** To do **
What the task requires is an exact printout of the listing below, pictures excluded.

** Recorded information **
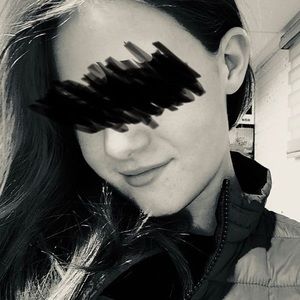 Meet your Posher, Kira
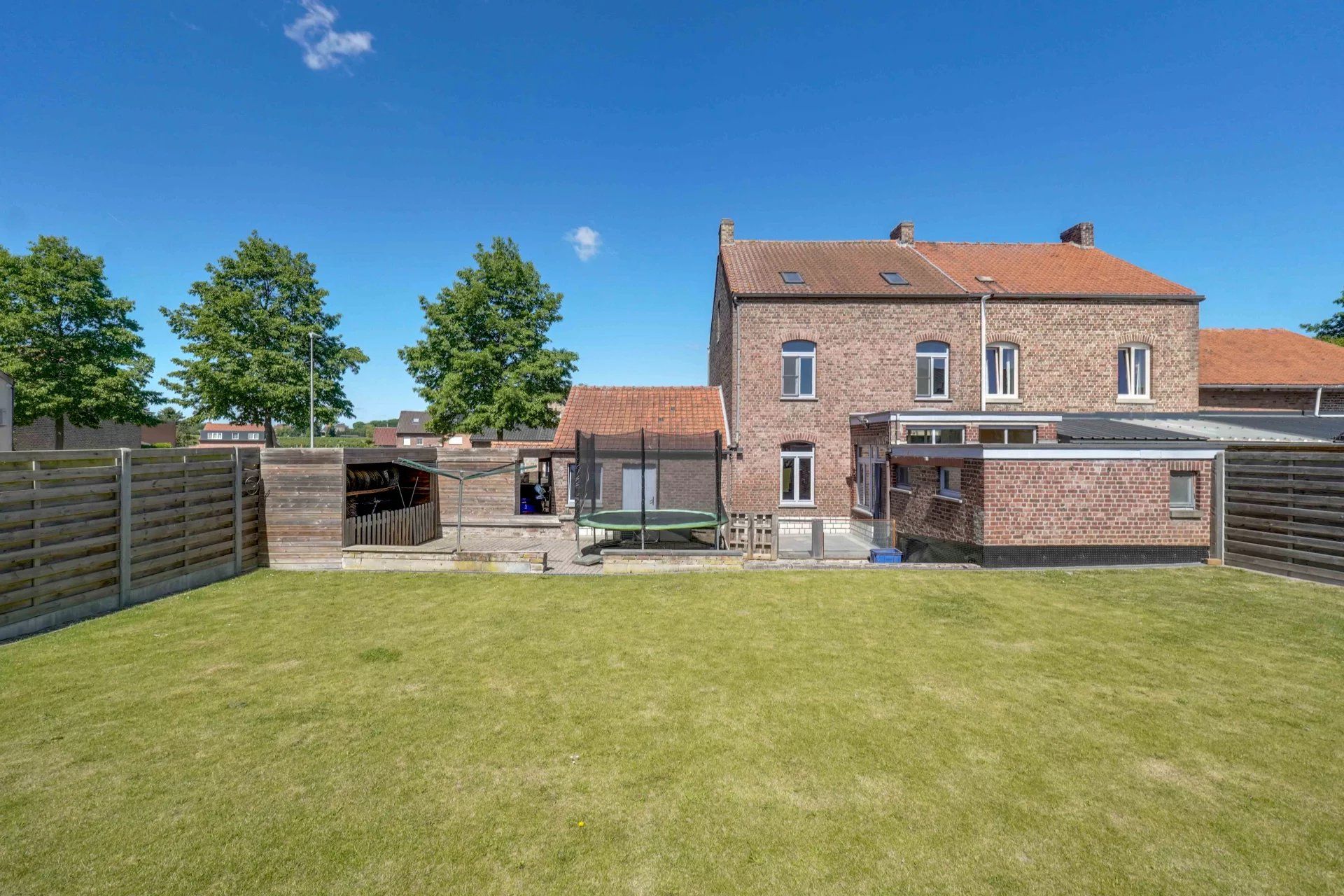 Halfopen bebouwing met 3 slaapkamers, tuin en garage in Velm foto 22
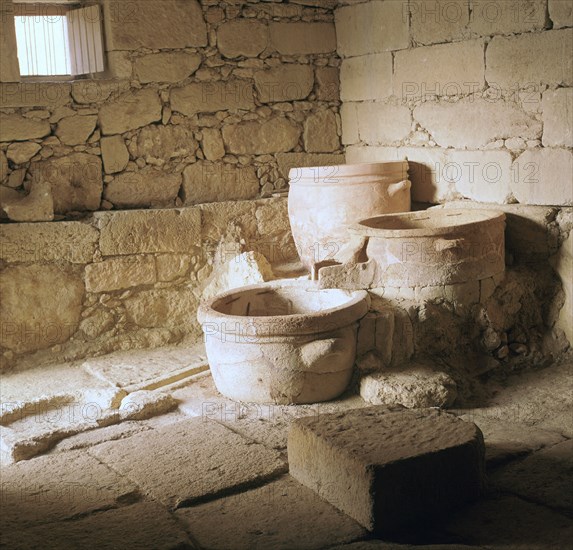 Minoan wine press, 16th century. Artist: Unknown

** The completed task **
 Meet your Posher, Kira
 Halfopen bebouwing met 3 slaapkamers, tuin en garage in Velm foto 22
 Minoan wine press, 16th century. Artist: Unknown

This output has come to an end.